Since 2017, all kinds of artists have tapped into SZA’s intimate style to write achingly personal accounts of their love. The branching legacies of Ctrl include mellow, crooning albums like Jorja Smith’s Lost & Found (2018), Snoh Aalegra’s Ugh, Those Feels Again (2019), and Jhené Aiko’s Chilombo (2020), as well as the wry, pensive sensuality of Ari Lennox’s Shea Butter Baby (2019), Kehlani’s It Was Good Until It Wasn’t (2020), and Jazmine Sullivan’s Heaux Tales (2021). Sidney Madden of NPR Music describes this SZA-forged subgenre of R&B as “one that caters to Black millennials with a new sense of depth and realness: imperfect, awkward, sexually ambidextrous but also intimately anxious.”
In her offstage life, SZA has kept up the candor, offering a refreshing antidote to the hyper-polished or overconfident pop star.

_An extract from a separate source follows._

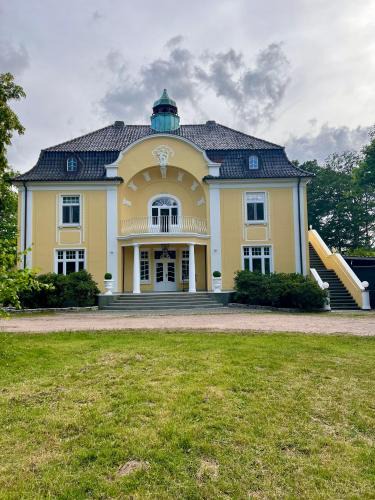 Mollhagen Apartment | Wohnung im Schloss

In a 2017 interview with Nylon, SZA confessed, “When I was younger I didn’t relate to Beyoncé as much, because I didn’t consider myself a pretty girl.” Speaking to Vulture the same year, she called herself “too shy to initially ask for a feature” and marveled at the fact that she got to work with Travis Scott on “Love Galore” from Ctrl. This vocal admiration for her idols, and this keen sense of separation from musical stardom, has always made SZA an unlikely emblem of relatability, despite her luminescent fame. She carries herself like a music outsider, diligent and competitive and constantly learning.
But she’s also uninterested in caving to fan expectations of what a star like her should do. She’s talked multiple times about leaving the music business. In 2016, SZA tweeted that she was quitting music; in 2018, she told Flaunt magazine the next album would be her last; in 2022, just after releasing SOS, she told Consequence she wanted to “disappear … for as long as I can.” In 2020, after appearing on the cover of Rolling Stone with Normani and Megan Thee Stallion, she tweeted, “Not doing any videos Interviews or photos for the rest of my life lol don’t ask.” She’s in it for the art but not the fame. She wants a meaningful life, but that doesn’t have to be a life in music. She told Complex, “If ever I lose my ability to [choose], I have no problem vacating my current life and doing something different … Anything that I want to do, I know it will be done well.”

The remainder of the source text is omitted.